*** Opening Supplied records ***
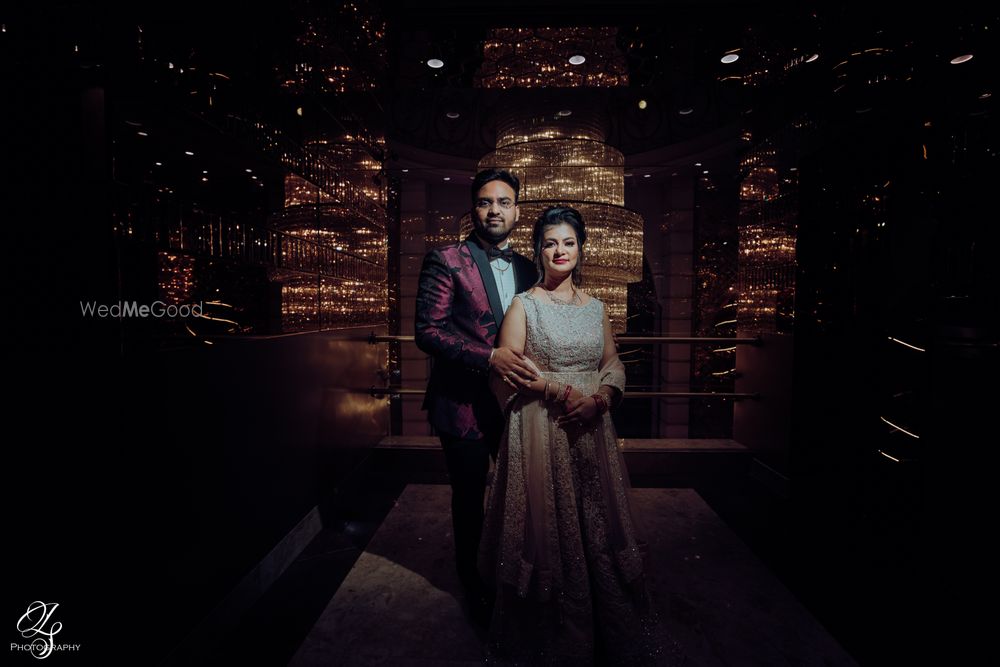 Photo From Nishant Weds Chandrika - By Light Strokes Photography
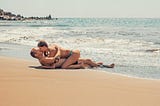 Hot Goa Gives the feel of Complete Sex Happiness!
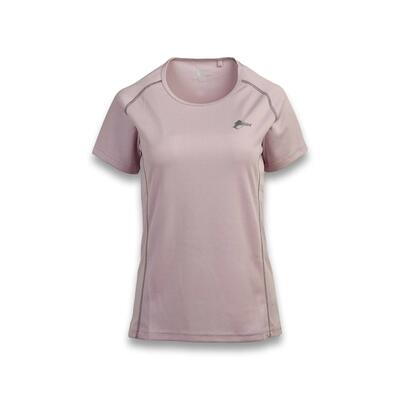 T-shirt ande bobbio lady vrouwen
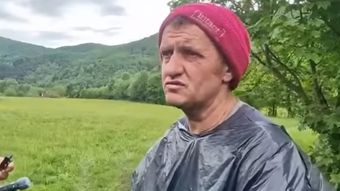 Noi detalii dureroase despre dispariția lui Alexandru, băiețelul în vârstă de 5 ani! Părinții lui se contrazic: „Când l-am strigat o dată, mai devreme, să vină lângă mine, mi-a răspuns.”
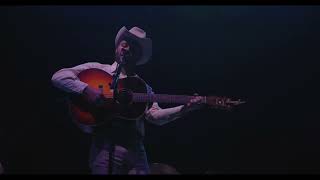 Charley Crockett - Midnight Run (LIVE at Whitewater Amphitheater COLOR)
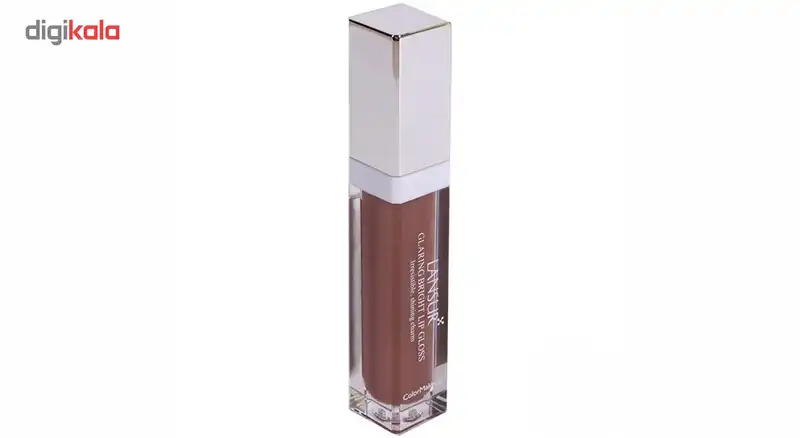 رژ لب مایع لنسور سری Glaring شماره 08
*** Closing Supplied records ***
Problem to solve: Could you set down, exactly as written, every line from the one with "T-shirt ande bobbio lady vrouwen" to the end of the data, both ends included? Leave out the pictures.

Solution to this task:
 T-shirt ande bobbio lady vrouwen
 Noi detalii dureroase despre dispariția lui Alexandru, băiețelul în vârstă de 5 ani! Părinții lui se contrazic: „Când l-am strigat o dată, mai devreme, să vină lângă mine, mi-a răspuns.”
 Charley Crockett - Midnight Run (LIVE at Whitewater Amphitheater COLOR)
 رژ لب مایع لنسور سری Glaring شماره 08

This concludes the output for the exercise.